Abstract
A diastereoselective conjugate addition of a variety of monoorganocuprates, Li[RCuI], to chiral fumarates to provide funtionalized succinates has been developed. The utility of this reaction is demonstrated in a concise total synthesis of (−)-dihydroprotolichesterenic acid that required only four steps and proceeded in an overall 31% yield.
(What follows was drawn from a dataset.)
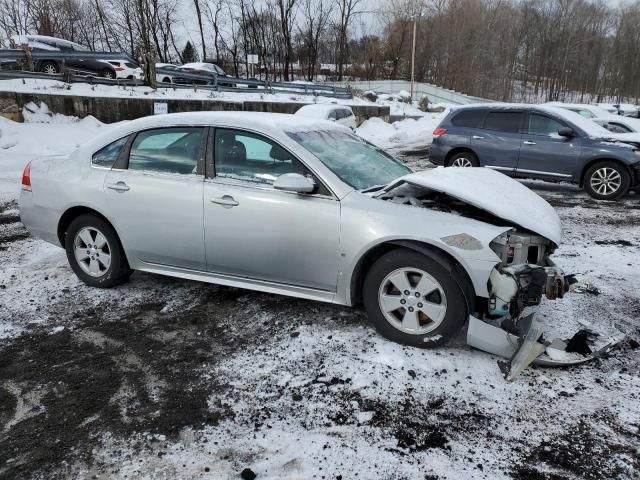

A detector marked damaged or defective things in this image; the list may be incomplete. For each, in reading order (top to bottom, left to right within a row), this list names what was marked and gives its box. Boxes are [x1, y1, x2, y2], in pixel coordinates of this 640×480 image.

crumpled hood [380, 168, 560, 244]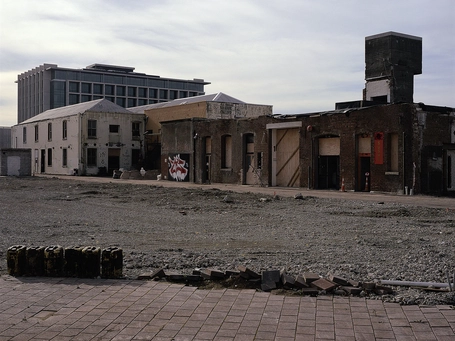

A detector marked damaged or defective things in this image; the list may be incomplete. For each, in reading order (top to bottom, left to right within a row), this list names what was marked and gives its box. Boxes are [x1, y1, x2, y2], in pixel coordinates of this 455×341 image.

damaged brick building [159, 31, 452, 197]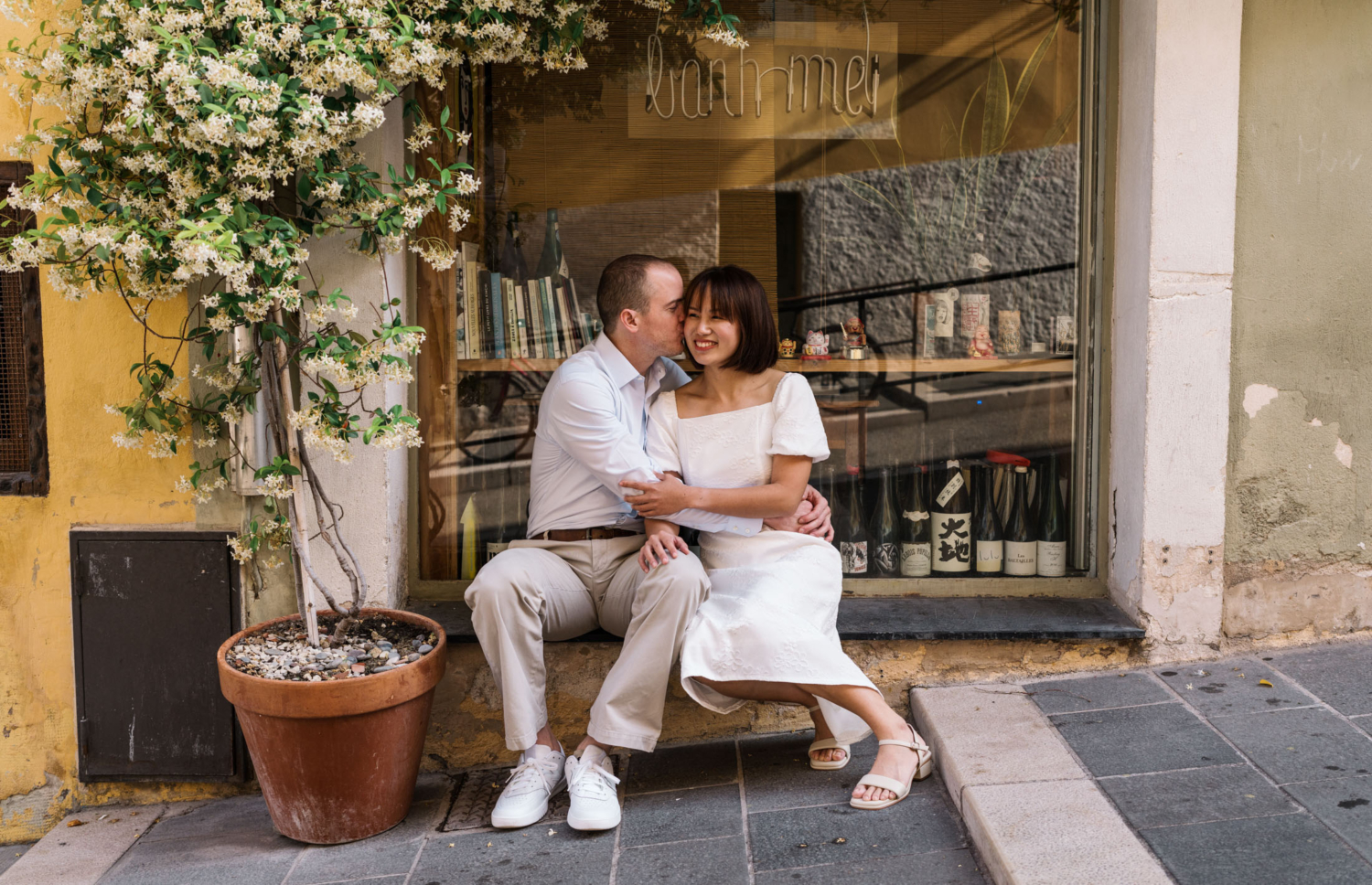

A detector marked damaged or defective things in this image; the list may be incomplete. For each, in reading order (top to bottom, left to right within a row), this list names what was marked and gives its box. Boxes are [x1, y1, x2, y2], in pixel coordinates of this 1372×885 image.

Keywords: Conjugate addition, Total Synthesis, Chiral Auxiliary, Butyrolactone, Succinate
Functionalized succinic acid derivatives and compounds that may be derived therefrom are structural motifs that are commonly found in biologically active molecules of natural and non-natural origin. Some notable examples include the matrix metalloproteinase inhibitor BB-1101 (1),1 the antifungal and antibacterial agent dihydroprotolichesterenic acid (2),2 the glaucoma drug pilocarpine (3),3 and the anti-inflammatory and antiviral agent antrodin D (4) (Figure 1).4
Figure 1.
Biologically active molecules accessible through succinate derivatives.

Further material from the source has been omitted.